Talk of hybrid automobiles, green building design and construction and energy conservation is all the rage as fuel costs continue to soar. But, amazingly, federal officials actually recognized more than a decade ago the benefits of energy efficiency when it comes to saving money.
Congress in 1995 expanded a small pilot program of the Federal Housing Administration nationwide, bringing Energy Efficient Mortgages to a wider audience. The FHA, which is not a lending agency but insures mortgages, insured more than 26,000 Energy Efficient Mortgages in 2003, according to data from the U.S. Department of Housing and Urban Development.
The backbone of the EEM program is the idea that a reduction in a homeowner's utility costs by enacting changes that maximize energy efficiency allows a homeowner to pay a higher mortgage to cover the costs of the energy improvements as well as the mortgage itself.
The FHA offers insurance for these specialized mortgages for a homeowner to buy or refinance a home and incorporate the cost of energy-efficient improvements. As the homeowner, you don't have to qualify for the extra funds and no down payment is required.
EEMs offer homeowners who otherwise might not be able to afford it a chance to revamp their homes, save costs by adopting energy-efficient practices and help cut down on pollution. Yet, they're still relatively foreign to most homeowners.
"Although EEMs have been available in some states since 1980, they have been little understood or marketed," according to HUD. "With EEMs, borrowers do not need to get a separate, costly loan for energy improvements when buying an existing home."

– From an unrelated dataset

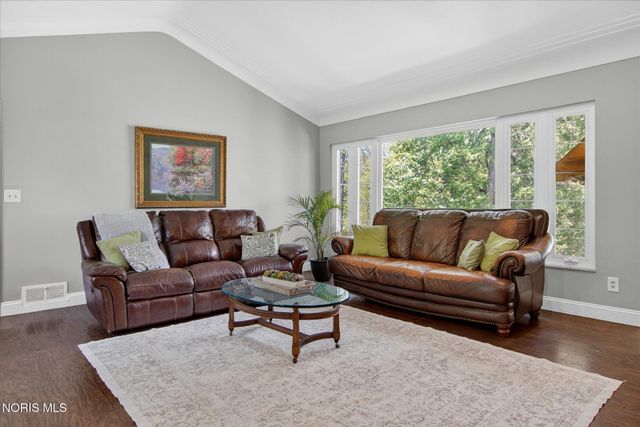 3700 W Bancroft Street, Ottawa Hills, OH 43606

Here's an overview of the requirements homeowners need to be considered eligible for an Energy Efficient Mortgage:
The borrower is eligible for maximum FHA-backed loan, using standard underwriting procedures. The borrower must make a 3-percent cash investment in the property based on the sales price. Closing costs are not included in the 3- percent calculation but may be used to satisfy the requirement. Any upfront mortgage insurance premium can be financed as part of the mortgage.There are three basic types of EEMs, so determining which one is best suited for your needs may require the help of an expert. Along with the FHA-backed loans for energy efficiency, the Veterans Administration also backs EEMs for qualified military personnel, reservists and veterans.
Eligible properties are one- to four-unit current and new construction.
The cost of the energy-efficient improvements that may be eligible for financing into the mortgage is the greater of 5 percent of the property's value (not to exceed $8,000), or $4,000.
To be eligible for inclusion in this mortgage, the energy-efficient improvements must be cost effective, meaning that the total cost of the improvements is less than the total present value of the energy saved over the useful life of the energy improvement.
The cost of the energy improvements and estimate of the energy savings must be determined by a home energy rating report conducted by a home energy rating system or energy consultant. The cost of the energy rating may be financed as part of the cost-effective energy package.
The energy improvements are installed after the loan closes.
The maximum mortgage amount for a single-family unit depends on its location and it is adjusted annually.
The mortgages are becoming more known and more popular as homeowners continue to look for meaningful ways to address rising fuel and energy costs. Take some time to evaluate your budget and whether the long-term cost savings associated with energy efficiency is something that's right for you and your family.